What to work on
Each entry needs to be given again, character for character.

Available data

......

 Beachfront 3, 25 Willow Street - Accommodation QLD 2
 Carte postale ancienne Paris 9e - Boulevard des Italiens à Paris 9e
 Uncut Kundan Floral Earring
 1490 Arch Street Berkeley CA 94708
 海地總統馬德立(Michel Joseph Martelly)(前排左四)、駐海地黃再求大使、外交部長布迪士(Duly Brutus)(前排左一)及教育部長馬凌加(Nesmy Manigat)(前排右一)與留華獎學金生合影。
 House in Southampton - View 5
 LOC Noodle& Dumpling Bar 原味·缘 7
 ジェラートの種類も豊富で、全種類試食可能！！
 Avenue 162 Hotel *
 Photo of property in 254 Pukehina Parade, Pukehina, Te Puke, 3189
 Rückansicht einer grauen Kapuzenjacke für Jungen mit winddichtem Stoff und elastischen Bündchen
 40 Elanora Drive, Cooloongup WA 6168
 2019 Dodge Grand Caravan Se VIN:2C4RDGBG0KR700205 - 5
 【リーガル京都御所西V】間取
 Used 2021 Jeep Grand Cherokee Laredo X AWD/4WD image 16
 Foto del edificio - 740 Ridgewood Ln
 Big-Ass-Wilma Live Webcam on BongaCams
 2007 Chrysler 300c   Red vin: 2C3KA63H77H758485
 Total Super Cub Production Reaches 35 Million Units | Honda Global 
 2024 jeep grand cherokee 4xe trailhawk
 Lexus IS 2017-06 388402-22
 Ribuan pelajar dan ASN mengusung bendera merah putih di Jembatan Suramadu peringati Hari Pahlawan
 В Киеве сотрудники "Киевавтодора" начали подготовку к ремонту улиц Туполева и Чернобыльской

......

Your solution
 Beachfront 3, 25 Willow Street - Accommodation QLD 2
 Carte postale ancienne Paris 9e - Boulevard des Italiens à Paris 9e
 Uncut Kundan Floral Earring
 1490 Arch Street Berkeley CA 94708
 海地總統馬德立(Michel Joseph Martelly)(前排左四)、駐海地黃再求大使、外交部長布迪士(Duly Brutus)(前排左一)及教育部長馬凌加(Nesmy Manigat)(前排右一)與留華獎學金生合影。
 House in Southampton - View 5
 LOC Noodle& Dumpling Bar 原味·缘 7
 ジェラートの種類も豊富で、全種類試食可能！！
 Avenue 162 Hotel *
 Photo of property in 254 Pukehina Parade, Pukehina, Te Puke, 3189
 Rückansicht einer grauen Kapuzenjacke für Jungen mit winddichtem Stoff und elastischen Bündchen
 40 Elanora Drive, Cooloongup WA 6168
 2019 Dodge Grand Caravan Se VIN:2C4RDGBG0KR700205 - 5
 【リーガル京都御所西V】間取
 Used 2021 Jeep Grand Cherokee Laredo X AWD/4WD image 16
 Foto del edificio - 740 Ridgewood Ln
 Big-Ass-Wilma Live Webcam on BongaCams
 2007 Chrysler 300c   Red vin: 2C3KA63H77H758485
 Total Super Cub Production Reaches 35 Million Units | Honda Global 
 2024 jeep grand cherokee 4xe trailhawk
 Lexus IS 2017-06 388402-22
 Ribuan pelajar dan ASN mengusung bendera merah putih di Jembatan Suramadu peringati Hari Pahlawan
 В Киеве сотрудники "Киевавтодора" начали подготовку к ремонту улиц Туполева и Чернобыльской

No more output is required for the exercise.